## PROVIDED MATERIAL

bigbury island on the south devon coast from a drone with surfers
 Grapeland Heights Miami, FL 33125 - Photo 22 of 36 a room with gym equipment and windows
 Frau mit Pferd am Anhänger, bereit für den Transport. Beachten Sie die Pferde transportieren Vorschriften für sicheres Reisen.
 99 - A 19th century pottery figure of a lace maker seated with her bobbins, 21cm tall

## DESCRIPTION OF THE TASK
Word for word, restate the listing above from its first line to the line with "Frau mit Pferd", keeping both.

## RESPONSE TO THE TASK
bigbury island on the south devon coast from a drone with surfers
 Grapeland Heights Miami, FL 33125 - Photo 22 of 36 a room with gym equipment and windows
 Frau mit Pferd am Anhänger, bereit für den Transport. Beachten Sie die Pferde transportieren Vorschriften für sicheres Reisen.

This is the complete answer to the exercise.